EXTRACTED MATERIAL:
* * * * * * *

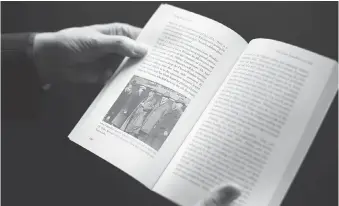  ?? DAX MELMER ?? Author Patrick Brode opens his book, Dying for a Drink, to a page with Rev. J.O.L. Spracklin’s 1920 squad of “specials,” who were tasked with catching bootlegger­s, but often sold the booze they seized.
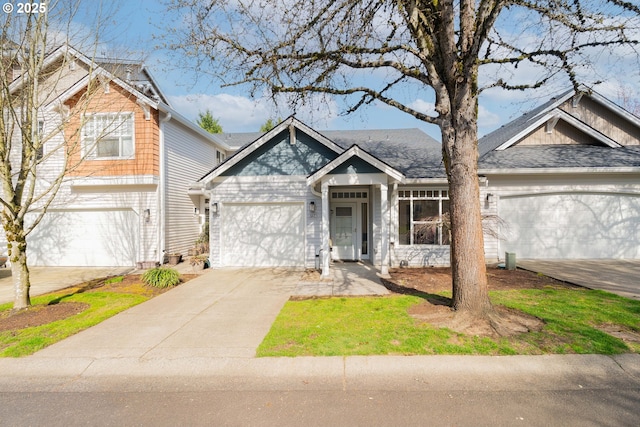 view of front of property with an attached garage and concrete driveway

* * * * * * *

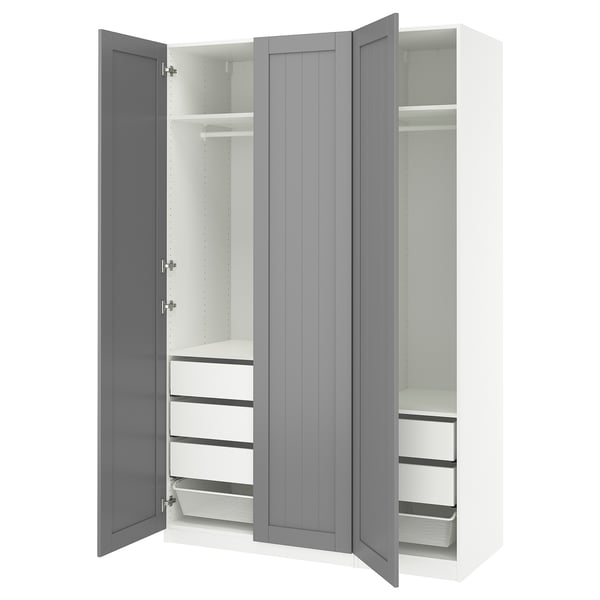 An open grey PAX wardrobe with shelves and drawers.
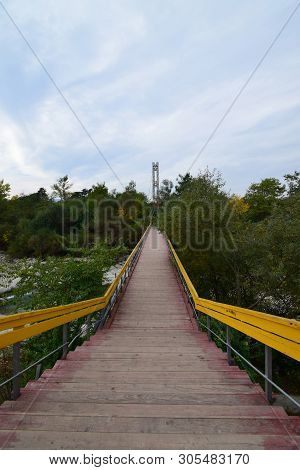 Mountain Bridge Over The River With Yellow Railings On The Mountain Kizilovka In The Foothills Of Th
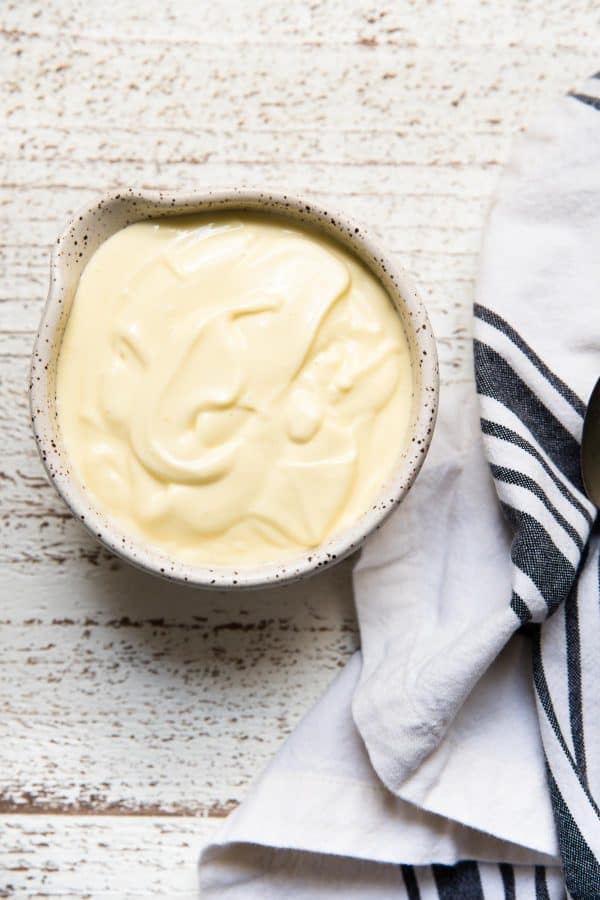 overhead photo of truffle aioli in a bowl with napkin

* * * * * * *

PROBLEM: In the listing above, find the line containing "booze they seized.". Output it and every line after it up to and including the line containing "view of front", exactly, but skip the pictures.

EXERCISE SOLUTION:
  ?? DAX MELMER ?? Author Patrick Brode opens his book, Dying for a Drink, to a page with Rev. J.O.L. Spracklin’s 1920 squad of “specials,” who were tasked with catching bootlegger­s, but often sold the booze they seized.
 view of front of property with an attached garage and concrete driveway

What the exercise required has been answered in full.